Clashes in late December near the town of Hadrut may have been confirmed after remains of Armenian soldiers killed in the fighting were reported to have been transferred to their families.

Two weeks after the reported clashes, the families of several Armenian soldiers said that their relatives’ remains had been handed over to Armenia. 

Azerbaijani sources reported casualties from both sides in late December, while Armenian officials denied the clashes took place. 

On 6 January, local media reported that the bodies of six servicemen reportedly killed on 27 December were handed over to Armenia a few days earlier. 

The father of one of the deceased reported he had lost contact with his son as early as 12 October. According to several relatives, the bodies showed signs of torture.

The Azerbaijan Ministry of Defence claimed on 27 December that Armenian soldiers had launched an attack towards the village of Tugh (Togh), near Hadrut. Armenian denied violating the ceasefire and described the Azerbaijani Army’s statement a ‘provocation.’ 

‘No military units of the Defence Army, no serviceman took part in any operation, no emergency was registered, not a single shot was fired by the Armenian side’, their statement reads.


Azerbaijan took control of Tugh during the second Nagorno-Karabakh war, and the village now lies around 10 kilometres from the line of contact between the two sides.  

The Nagorno Karabakh State Service of Emergency Situations said that search and rescue groups not allowed to enter the Hadrut region on 28 December and that search operations around Fuzuli were halted on 29 December. 

On 29 December, footage showing the bodies of six soldiers reportedly killed in Tugh circulated in Telegram channels. 

Denying the skirmish once again, Armenian authorities said they were working to identify the soldiers shown in the videos.
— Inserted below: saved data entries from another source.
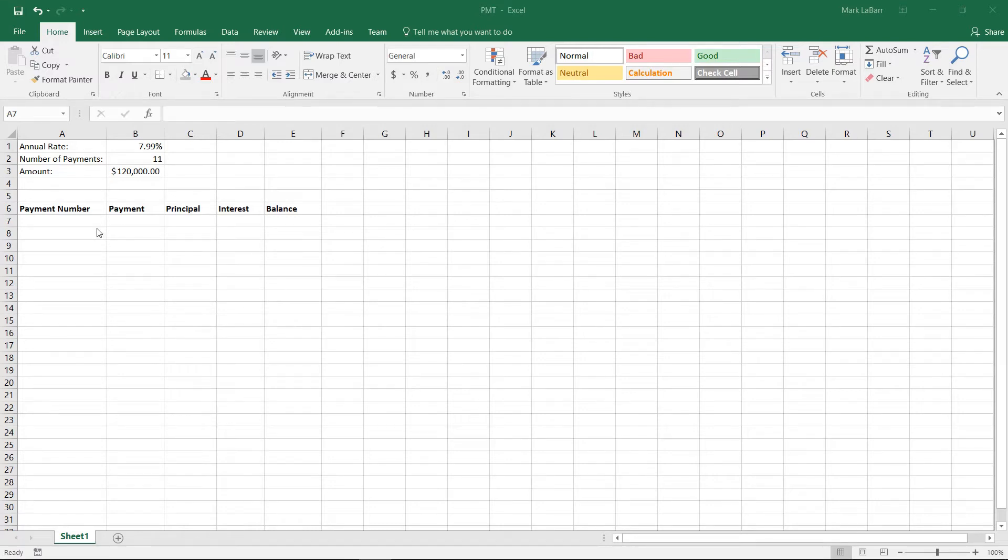Hello and welcome to this HowTech video tutorial. In this video, we're going to show you how to create an amortization schedule in Excel 2016.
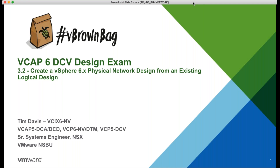We're going to go through number 3.2 in the blueprint for the VCAP6 DCV design exam, talking about the physical network design made from an existing logical design. We're going to build on the previous building blocks where you learned about the differences between conceptual, logical, and physical. At this point in the blueprint, we're going to take all of that conceptual and logical stuff and put it together to make design decisions in the physical network design.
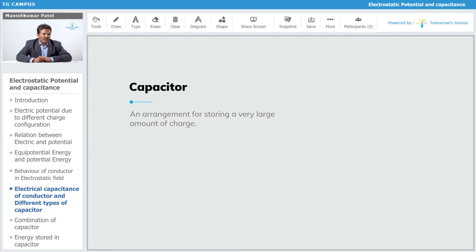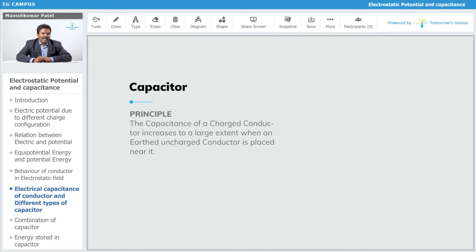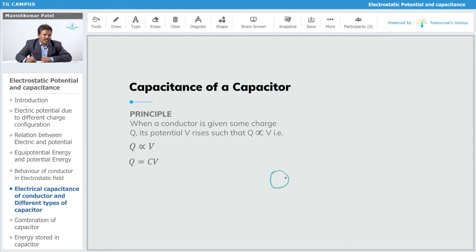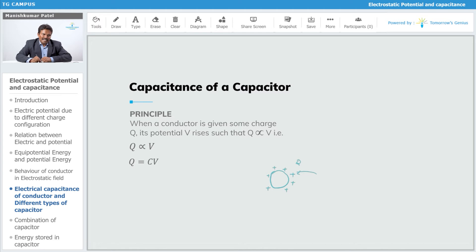An arrangement for storing a very large amount of charge is called a capacitor. Its capacity increases when an earthed charged conductor is placed near it. For example, consider a sphere that is initially uncharged. As we go on adding charge to the sphere, its potential goes on increasing. So Q is directly proportional to V. However, after a certain point the sphere reaches its capacity and the charge leaks away.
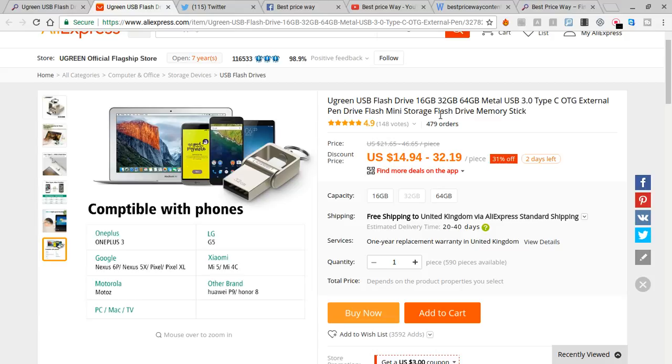They got 16GB, 32GB, or 64GB, so whichever one you're looking for, you can go for.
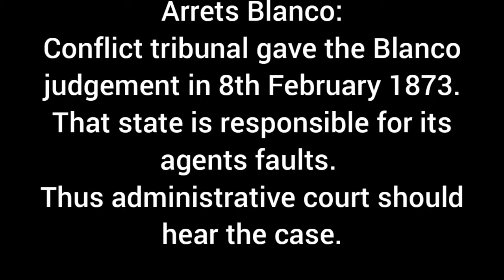At this time, there is an important judgment called Arrêt Blanco. The Blanco judgment was decided on February 8th, 1873. In this case, there is a Blanco — a child — and there is a tobacco factory involved. The key question in this case is: should it go to a judicial court or an administrative court?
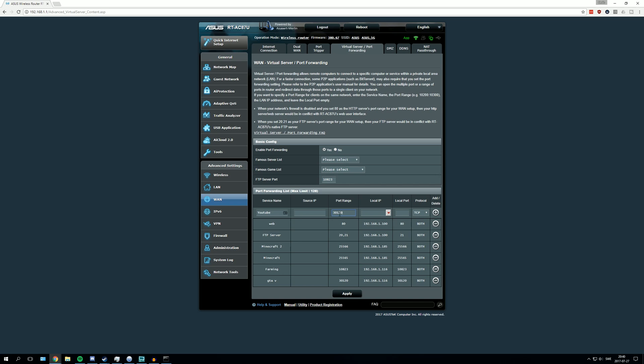Now if you are port forwarding something else like a Minecraft server, the port range will be different. You will have to look that up for whatever you are port forwarding. Then on local port you enter the same port.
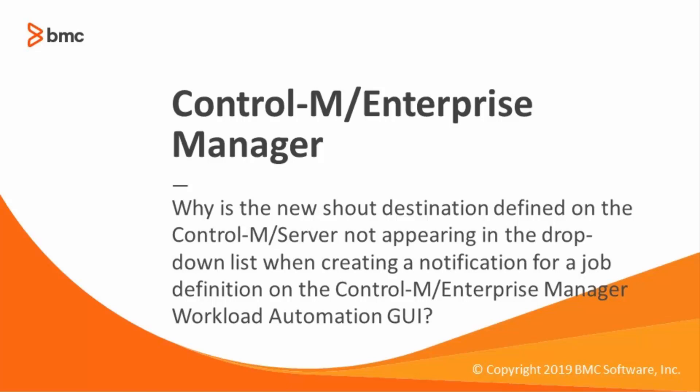Welcome to support videos for Workload Automation video series. This video will explain why the new shout destination defined on Control-M server is not appearing in the drop-down list when creating a notification for a job definition on Control-M Enterprise Manager GUI client, and how to resolve it.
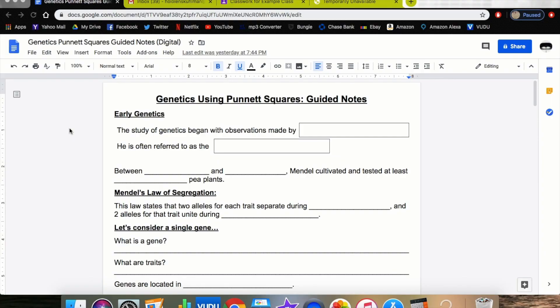Hi guys, welcome to Teacher Tech. Today we're going to be going over how to push out fillable guided notes to your students. We'll talk about a couple of things first.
The Defence Army speculated that they may have been captives from the war that were subsequently murdered by Azerbaijan.

The Russian Defence Ministry also stated that they were investigating the reports of clashes.

Searches continue

A previous ceasefire violation near Hadrut reportedly took place on 12 December, when both sides accused each other of launching an attack towards the villages of Khtsaberd (Chaylaggala) and Hin Tagher (Kohna Taghlar). The clashes left several wounded soldiers on both sides.

An Armenian military unit of around 60 servicemen remains missing after the incident. 
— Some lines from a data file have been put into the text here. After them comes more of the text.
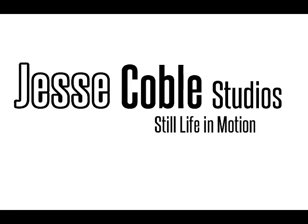Hi, Jesse Koble from Jesse Koble Studios, here today to talk to you about a software called Helicon Focus and Focus Stacking.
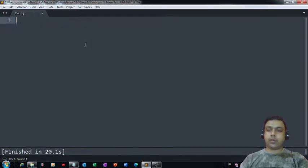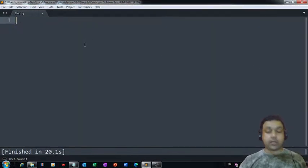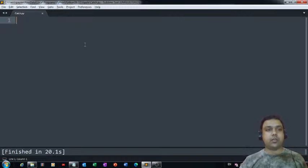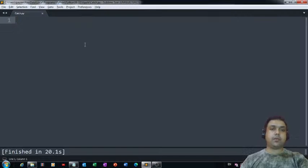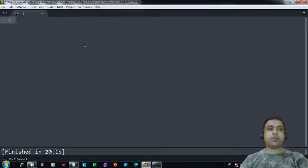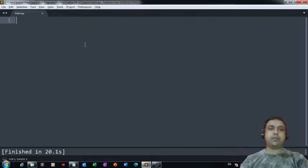Good evening everyone, welcome to this channel named GeeksForGeekSchool. Today we are going to develop a very beautiful game. The name of this game is Apple Catcher Game, where we are going to have two different sprites.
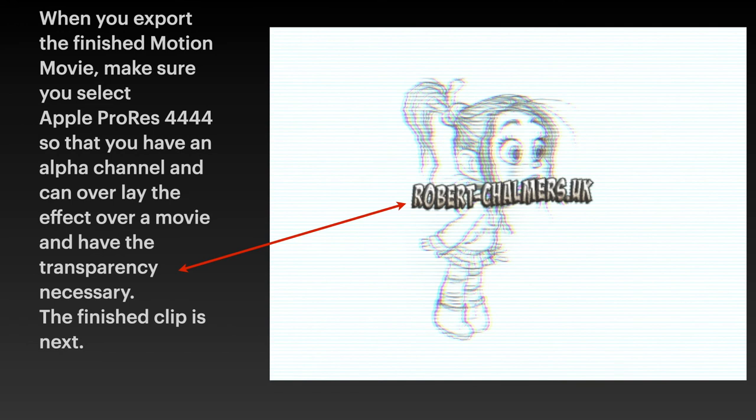And you can see that I've got here when you export the finished motion movie. Now make sure you select Apple ProRes 4444 as the export type. I could have put an image there but you'll find it.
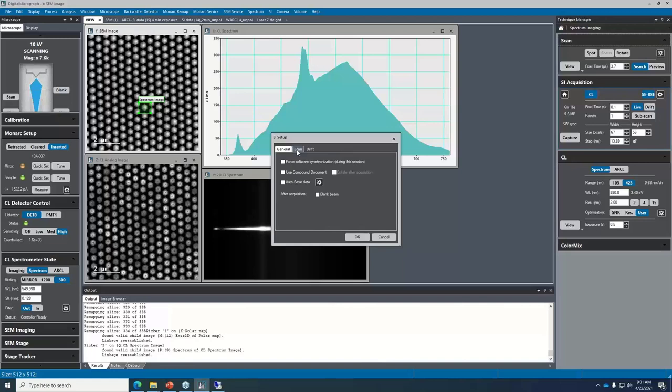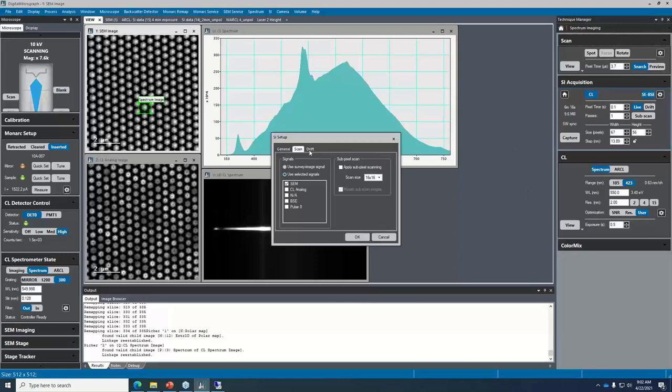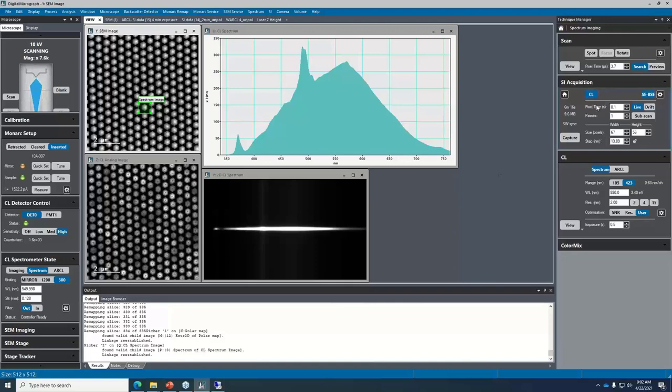A spectrum image is the same as hyperspectral imaging — those terms are interchangeable. Digital Micrograph allows sub-pixel scanning to avoid missing information. I'm going to get an idea of how strong the spectra are if I reduce the dwell time for the camera, turn on full vertical binning, and collect about a two-minute spectrum image.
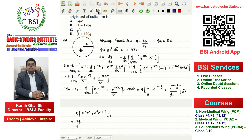This answer corresponds to option A. So the correct answer to this question is option A.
On 13 December, the State Security Service and the Ministry of Defence of Azerbaijan issued a joint statement announcing an ‘anti-terrorist operation’ in forested areas near Hadrut. 
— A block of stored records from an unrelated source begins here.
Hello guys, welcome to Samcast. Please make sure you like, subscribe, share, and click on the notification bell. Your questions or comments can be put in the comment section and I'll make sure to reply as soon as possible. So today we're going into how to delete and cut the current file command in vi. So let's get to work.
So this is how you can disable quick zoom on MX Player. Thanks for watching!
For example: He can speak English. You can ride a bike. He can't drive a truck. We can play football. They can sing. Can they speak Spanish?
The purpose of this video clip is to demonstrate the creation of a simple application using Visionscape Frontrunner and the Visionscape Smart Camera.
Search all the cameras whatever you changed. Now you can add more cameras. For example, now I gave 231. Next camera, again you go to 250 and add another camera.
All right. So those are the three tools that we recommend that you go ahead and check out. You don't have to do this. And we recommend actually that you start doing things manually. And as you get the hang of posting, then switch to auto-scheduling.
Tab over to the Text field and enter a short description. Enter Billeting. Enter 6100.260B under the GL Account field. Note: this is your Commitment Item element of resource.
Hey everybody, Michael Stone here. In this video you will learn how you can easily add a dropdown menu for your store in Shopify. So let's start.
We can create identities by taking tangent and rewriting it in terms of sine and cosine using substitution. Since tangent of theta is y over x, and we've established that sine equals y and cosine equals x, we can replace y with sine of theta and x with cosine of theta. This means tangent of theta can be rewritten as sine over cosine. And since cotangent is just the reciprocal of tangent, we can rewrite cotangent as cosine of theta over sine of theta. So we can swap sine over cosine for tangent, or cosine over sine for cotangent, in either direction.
Several instances of Armenian soldiers and civilians being found in areas which are now under Azerbaijani control have been confirmed. On 20 December, Nagorno-Karabakh president Arayik Harutyunyan announced that six soldiers had been found and returned to Armenia after spending 70 days in ‘obscurity՛. The following day, it was reported that two civilians — a father and son — had been found alive. 

The Ministry of Health of Armenia had stated that as of 1 January, the remains of 3,330 soldiers had been examined. The search and identification process is still ongoing, and there are no exact numbers of killed, captured, and missing soldiers.

The remains of around 1,200 soldiers and civilians have so far been found as a result of the search operations since the end of the war. The process is being implemented by the State Service of Emergency Situations of Nagorno Karabakh with the support of the International Committee of the Red Cross and the Russian peacekeeping contingent. Local residents and relatives of missing soldiers are also taking part in the process.

 For ease of reading, we choose not to use qualifiers such as ‘de facto’, ‘unrecognised’, or ‘partially recognised’ when discussing institutions or political positions within Abkhazia, Nagorno-Karabakh, and South Ossetia. This does not imply a position on their status.